In May 1999 Papapano decided to leave Albania because she was scared of the threats, and eventually obtained a tourist visa to come to the United States. Papapano’s father remains in Albania, and she testified at the hearing he told her nothing had changed in the country since she left in 1999. Papapano presented no documentary evidence and no witnesses at the hearing to support her claims of her and her family’s arrests and beatings or her mother’s death.

The IJ issued an oral decision finding Papapano was not altogether credible regarding her alleged persecution and had failed to corroborate her testimony with documentary evidence. The IJ also found conditions in Albania had changed for the better since Papapano left the country, she had not shown she would be persecuted on account of a recognized asylum basis if she returned, and denied her request for asylum and withholding of removal.

Papapano appealed this ruling to the BIA, which found her testimony was credible and did establish past persecution that gives rise to a rebuttable presumption of a well-founded fear of future persecution if she returned. However, the BIA held that presumption was rebutted by changed conditions in Albania since her departure in 1999, and Papapano no longer had a well-founded fear of future persecution if she returned. Therefore, the BIA dismissed her appeal on August 7, 2003. Papapano did not appeal this decision.

On February 15, 2005, however, Papapano filed a “Motion to Reopen to Present New Evidence and Reconsider or Remand to Immigration Judge” with the BIA. In this motion, Papapano sought to present new evidence, particularly the affidavit of Mr. Prenk Camaj as well as her own affidavit and several country reports on Albania, to show country conditions had changed for the worse in Albania since the time of the IJ and BIA’s decisions such that she again had a fear of persecution were she to return there.

*450 The BIA, without analysis, found Papapano failed to show sufficiently changed circumstances, her fear of return to Albania was based on crime (kidnapping and forced prostitution), and she had failed to show she would be singled out for persecution. Accordingly, the BIA denied her motion to reopen on May 20, 2005.
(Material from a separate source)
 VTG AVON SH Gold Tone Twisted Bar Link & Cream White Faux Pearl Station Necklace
Papapano now appeals the BIA’s denial of her motion to reopen. The Court held oral argument on July 19, 2006, but Papapano’s counsel failed to appear, therefore he has waived oral argument in this matter. 1

II. STANDARD OF REVIEW

Denial of a motion to reopen is reviewed for an abuse of discretion. Denko v. INS, 351 F.3d 717, 723 (6th Cir. 2003) (citing INS v. Doherty, 502 U.S. 314, 324, 112 S.Ct. 719, 116 L.Ed.2d 823 (1992)). It is an abuse of discretion if the BIA “offers no rational explanation, inexplicably departs from established policies, or rests on an impermissible basis such as invidious discrimination against a particular race or group.” Id. (quoting Balani v. INS, 669 F.2d 1157, 1161 (6th Cir. 1982)) (internal quotation marks omitted).

This type of review is “exceedingly narrow” but the Court may reverse the BIA if it failed to consider all relevant facts and circumstances, as such a decision would be arbitrary and capricious. Daneshvar v. Ashcroft, 355 F.3d 615, 626 (6th Cir. 2004).

III. ANALYSIS

A. Motion to Reopen

A motion to reopen “shall state the new facts that will be proven at a hearing to be held if the motion is granted and shall be supported by affidavits or other evidentiary material.” 8 C.F.R. § 1003.2(c)(1). It “shall not be granted unless it appears to the Board that evidence sought to be offered is material and was not available and could not have been discovered or presented at the former hearing ...” Id.
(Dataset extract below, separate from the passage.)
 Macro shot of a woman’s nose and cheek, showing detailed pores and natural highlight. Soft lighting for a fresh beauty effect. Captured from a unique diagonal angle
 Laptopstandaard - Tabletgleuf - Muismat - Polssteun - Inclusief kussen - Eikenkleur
Generally, a party may file only one motion to reopen proceedings, and that motion must be filed within 90 days of the final administrative decision. 8 C.F.R. § 1003.2(e)(2). However, that time limit does not apply where the motion is “based on changed circumstances arising in the country of nationality ... if such evidence is material and was not available and could not have been discovered or presented at the previous hearing ...” 8 C.F.R. § 1003.2(c)(3)(ii).
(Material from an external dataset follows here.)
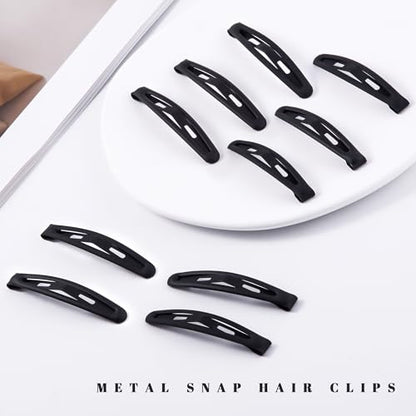 16 PCS Snap Hair Clips Metal Barrettes for Women Non Slip Barrettes for Thick and Thin Fine Hair,Matte Black,2.36 x 0.43 Inches. - color: Matte Black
In her motion to reopen, which was far outside the 90-day period after the administrative decision and therefore must be based on changed circumstances in her country, Papapano sought to present new evidence to show country conditions had worsened in Albania since the time of the IJ’s decision such that she again had a fear of persecution were she to return there. Papapano presented two bases for a fear of persecution: (1) her past participation in pro-democracy activities against the current socialist government, and (2) risk to her daughter and herself of human trafficking and forced prostitution.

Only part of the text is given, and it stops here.